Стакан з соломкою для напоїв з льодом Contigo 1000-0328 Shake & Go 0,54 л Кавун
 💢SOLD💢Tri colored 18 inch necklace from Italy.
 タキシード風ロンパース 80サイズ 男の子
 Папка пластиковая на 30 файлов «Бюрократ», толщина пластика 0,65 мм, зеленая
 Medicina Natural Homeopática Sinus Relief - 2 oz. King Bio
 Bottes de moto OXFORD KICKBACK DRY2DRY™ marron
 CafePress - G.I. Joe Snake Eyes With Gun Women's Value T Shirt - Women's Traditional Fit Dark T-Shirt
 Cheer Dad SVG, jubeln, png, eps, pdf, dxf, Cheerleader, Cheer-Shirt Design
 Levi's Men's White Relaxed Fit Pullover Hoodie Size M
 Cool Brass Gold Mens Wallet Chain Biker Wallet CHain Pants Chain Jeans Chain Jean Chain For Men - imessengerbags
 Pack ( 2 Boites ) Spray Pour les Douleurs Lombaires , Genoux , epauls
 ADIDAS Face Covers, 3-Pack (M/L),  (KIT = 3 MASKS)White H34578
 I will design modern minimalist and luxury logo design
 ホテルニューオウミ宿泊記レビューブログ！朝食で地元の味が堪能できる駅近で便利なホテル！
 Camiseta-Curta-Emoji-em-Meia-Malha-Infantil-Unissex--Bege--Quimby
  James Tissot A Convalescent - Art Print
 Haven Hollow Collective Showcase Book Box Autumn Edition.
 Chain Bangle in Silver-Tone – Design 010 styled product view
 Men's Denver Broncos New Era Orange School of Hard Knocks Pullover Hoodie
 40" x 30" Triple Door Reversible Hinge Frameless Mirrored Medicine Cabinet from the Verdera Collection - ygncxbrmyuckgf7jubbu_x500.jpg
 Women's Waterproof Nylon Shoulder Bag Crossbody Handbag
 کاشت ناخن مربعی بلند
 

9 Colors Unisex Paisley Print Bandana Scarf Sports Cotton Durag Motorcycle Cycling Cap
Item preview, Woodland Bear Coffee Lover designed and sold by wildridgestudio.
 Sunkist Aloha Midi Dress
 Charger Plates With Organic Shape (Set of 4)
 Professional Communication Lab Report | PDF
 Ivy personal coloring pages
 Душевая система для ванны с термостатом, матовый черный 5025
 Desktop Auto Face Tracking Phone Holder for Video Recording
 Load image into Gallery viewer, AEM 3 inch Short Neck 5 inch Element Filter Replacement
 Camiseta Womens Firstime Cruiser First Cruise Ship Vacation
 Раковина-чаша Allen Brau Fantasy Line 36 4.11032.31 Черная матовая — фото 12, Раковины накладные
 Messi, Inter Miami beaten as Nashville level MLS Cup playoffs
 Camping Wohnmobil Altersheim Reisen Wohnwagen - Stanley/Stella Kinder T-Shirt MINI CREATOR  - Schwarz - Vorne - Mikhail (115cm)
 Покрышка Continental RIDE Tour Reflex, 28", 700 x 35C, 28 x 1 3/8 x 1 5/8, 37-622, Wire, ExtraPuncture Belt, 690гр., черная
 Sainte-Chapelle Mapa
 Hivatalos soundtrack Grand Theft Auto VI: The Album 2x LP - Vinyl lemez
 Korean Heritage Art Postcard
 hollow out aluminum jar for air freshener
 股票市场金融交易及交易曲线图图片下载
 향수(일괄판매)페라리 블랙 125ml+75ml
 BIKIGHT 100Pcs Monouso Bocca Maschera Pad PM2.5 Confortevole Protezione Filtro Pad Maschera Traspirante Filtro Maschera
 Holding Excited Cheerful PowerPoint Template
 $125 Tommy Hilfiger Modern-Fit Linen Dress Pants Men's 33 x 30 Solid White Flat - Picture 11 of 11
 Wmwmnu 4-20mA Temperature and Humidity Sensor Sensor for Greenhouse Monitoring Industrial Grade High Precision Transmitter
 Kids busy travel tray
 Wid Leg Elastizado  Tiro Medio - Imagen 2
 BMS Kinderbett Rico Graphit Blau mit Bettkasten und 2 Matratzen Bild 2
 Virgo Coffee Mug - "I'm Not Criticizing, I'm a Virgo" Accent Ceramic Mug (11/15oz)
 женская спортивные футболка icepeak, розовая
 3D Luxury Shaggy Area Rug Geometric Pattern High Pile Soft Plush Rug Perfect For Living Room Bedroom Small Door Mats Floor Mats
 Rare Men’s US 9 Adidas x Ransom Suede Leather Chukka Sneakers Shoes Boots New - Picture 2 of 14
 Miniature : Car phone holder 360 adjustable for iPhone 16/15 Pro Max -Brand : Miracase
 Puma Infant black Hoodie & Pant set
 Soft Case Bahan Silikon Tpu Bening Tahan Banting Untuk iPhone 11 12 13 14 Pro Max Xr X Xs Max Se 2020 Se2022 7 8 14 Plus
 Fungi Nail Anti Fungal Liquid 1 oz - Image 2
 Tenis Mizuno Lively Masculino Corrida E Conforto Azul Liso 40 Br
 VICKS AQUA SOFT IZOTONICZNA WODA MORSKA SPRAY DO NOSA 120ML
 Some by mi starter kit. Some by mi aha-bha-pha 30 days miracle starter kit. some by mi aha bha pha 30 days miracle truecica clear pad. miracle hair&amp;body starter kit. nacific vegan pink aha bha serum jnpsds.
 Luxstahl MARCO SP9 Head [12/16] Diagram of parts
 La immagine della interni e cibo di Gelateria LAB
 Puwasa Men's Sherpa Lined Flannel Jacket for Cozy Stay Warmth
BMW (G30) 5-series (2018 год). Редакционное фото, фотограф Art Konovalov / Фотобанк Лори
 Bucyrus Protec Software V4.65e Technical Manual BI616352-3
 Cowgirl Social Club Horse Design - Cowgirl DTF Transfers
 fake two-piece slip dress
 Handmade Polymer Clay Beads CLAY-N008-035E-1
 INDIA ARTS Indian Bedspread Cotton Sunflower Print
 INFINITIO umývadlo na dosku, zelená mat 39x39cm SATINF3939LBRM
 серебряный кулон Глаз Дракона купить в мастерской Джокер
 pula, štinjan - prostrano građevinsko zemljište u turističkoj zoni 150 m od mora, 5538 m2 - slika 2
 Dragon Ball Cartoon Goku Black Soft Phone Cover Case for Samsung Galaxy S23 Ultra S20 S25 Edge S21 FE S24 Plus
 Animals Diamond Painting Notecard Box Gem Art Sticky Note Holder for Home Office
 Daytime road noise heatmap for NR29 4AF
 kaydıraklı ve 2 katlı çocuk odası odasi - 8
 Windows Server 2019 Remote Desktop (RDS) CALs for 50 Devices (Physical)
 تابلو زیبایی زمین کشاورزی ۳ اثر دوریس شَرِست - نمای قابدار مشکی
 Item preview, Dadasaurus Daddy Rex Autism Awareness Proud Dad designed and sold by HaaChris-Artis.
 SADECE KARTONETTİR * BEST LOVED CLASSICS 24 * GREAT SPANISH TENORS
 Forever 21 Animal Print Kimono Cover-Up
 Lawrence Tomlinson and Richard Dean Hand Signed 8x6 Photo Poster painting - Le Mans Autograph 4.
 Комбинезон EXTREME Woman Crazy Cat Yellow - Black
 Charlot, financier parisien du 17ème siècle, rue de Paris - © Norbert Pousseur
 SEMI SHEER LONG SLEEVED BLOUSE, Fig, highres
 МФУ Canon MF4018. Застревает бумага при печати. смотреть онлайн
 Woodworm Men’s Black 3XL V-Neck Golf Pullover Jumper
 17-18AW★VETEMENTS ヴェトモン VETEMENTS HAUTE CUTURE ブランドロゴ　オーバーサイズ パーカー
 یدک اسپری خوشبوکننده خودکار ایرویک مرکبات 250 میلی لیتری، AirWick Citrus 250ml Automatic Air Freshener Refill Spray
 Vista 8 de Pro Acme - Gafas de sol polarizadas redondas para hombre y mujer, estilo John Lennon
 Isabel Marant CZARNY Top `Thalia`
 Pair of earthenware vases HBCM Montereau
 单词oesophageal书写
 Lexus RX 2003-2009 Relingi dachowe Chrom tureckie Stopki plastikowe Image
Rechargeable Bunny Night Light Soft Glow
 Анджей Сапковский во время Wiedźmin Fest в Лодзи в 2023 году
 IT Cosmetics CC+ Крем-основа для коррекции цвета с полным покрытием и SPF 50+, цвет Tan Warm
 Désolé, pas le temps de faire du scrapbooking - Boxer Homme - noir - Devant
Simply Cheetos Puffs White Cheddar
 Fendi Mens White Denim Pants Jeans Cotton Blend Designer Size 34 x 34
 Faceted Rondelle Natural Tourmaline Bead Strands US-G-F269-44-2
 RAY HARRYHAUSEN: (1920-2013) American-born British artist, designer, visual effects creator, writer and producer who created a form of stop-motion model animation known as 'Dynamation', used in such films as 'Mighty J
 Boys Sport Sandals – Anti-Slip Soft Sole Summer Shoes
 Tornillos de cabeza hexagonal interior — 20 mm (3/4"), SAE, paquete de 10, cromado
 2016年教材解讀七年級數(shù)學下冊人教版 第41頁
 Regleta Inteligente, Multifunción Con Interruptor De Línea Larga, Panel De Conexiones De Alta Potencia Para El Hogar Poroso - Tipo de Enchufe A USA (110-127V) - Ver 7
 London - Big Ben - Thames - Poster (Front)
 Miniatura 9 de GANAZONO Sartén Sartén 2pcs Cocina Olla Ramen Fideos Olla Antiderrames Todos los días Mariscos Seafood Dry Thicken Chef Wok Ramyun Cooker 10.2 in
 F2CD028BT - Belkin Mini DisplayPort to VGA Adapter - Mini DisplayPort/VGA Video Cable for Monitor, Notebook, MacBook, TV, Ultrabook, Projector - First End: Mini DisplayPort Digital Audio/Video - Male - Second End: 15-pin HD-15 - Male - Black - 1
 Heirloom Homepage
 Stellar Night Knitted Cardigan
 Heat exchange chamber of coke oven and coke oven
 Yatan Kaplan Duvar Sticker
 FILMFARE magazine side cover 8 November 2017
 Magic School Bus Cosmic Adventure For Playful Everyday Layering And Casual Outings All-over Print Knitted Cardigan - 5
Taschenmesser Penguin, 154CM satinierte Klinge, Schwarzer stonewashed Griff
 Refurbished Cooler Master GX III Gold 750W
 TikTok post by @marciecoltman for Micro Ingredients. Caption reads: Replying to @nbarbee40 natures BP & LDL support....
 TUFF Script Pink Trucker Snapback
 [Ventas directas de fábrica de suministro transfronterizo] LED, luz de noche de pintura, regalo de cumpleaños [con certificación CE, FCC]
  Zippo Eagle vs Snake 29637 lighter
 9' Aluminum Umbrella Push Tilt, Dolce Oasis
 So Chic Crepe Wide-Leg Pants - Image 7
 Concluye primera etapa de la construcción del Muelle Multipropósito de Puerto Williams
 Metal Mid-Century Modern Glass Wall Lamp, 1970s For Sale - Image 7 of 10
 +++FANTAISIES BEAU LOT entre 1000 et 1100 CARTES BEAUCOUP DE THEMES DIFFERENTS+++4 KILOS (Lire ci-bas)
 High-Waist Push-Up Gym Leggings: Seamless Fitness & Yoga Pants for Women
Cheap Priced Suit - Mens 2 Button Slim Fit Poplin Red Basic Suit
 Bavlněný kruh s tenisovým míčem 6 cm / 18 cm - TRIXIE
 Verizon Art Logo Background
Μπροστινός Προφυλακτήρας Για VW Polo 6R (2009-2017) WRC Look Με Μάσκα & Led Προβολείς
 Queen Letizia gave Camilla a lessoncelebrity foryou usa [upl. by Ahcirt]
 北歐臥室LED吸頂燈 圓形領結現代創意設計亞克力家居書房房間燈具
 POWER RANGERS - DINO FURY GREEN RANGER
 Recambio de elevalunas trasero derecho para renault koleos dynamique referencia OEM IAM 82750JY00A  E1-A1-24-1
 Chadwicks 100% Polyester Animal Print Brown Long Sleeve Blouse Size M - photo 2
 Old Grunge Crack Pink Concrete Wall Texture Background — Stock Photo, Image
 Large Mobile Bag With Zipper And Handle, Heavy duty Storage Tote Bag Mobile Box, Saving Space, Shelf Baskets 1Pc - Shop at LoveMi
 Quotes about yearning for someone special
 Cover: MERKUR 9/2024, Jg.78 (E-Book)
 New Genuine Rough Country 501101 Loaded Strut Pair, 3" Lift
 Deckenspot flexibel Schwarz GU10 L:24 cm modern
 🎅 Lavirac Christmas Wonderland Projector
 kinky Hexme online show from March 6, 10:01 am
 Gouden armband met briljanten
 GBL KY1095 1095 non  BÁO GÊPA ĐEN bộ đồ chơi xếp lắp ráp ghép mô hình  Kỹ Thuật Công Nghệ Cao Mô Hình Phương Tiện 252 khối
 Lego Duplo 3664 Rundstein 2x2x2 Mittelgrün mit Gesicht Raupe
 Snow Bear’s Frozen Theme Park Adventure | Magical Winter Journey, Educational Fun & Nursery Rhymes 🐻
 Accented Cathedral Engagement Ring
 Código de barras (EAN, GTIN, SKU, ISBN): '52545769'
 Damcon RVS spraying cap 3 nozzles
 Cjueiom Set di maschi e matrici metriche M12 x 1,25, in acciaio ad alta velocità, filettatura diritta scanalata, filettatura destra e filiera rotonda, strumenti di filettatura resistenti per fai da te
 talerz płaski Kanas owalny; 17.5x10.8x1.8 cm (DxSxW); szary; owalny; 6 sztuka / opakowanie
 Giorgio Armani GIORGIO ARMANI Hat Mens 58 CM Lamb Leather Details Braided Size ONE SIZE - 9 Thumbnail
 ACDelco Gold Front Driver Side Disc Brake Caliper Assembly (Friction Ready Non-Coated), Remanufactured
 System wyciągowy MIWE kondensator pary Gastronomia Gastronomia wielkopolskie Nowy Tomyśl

EXERCISE GOAL:
In the listing above, start at the line with "RAY HARRYHAUSEN: (1920-2013)", go on through the line with "Boys Sport Sandals", and copy each of those lines exactly; leave out all the rest.

RESPONSE:
 RAY HARRYHAUSEN: (1920-2013) American-born British artist, designer, visual effects creator, writer and producer who created a form of stop-motion model animation known as 'Dynamation', used in such films as 'Mighty J
 Boys Sport Sandals – Anti-Slip Soft Sole Summer Shoes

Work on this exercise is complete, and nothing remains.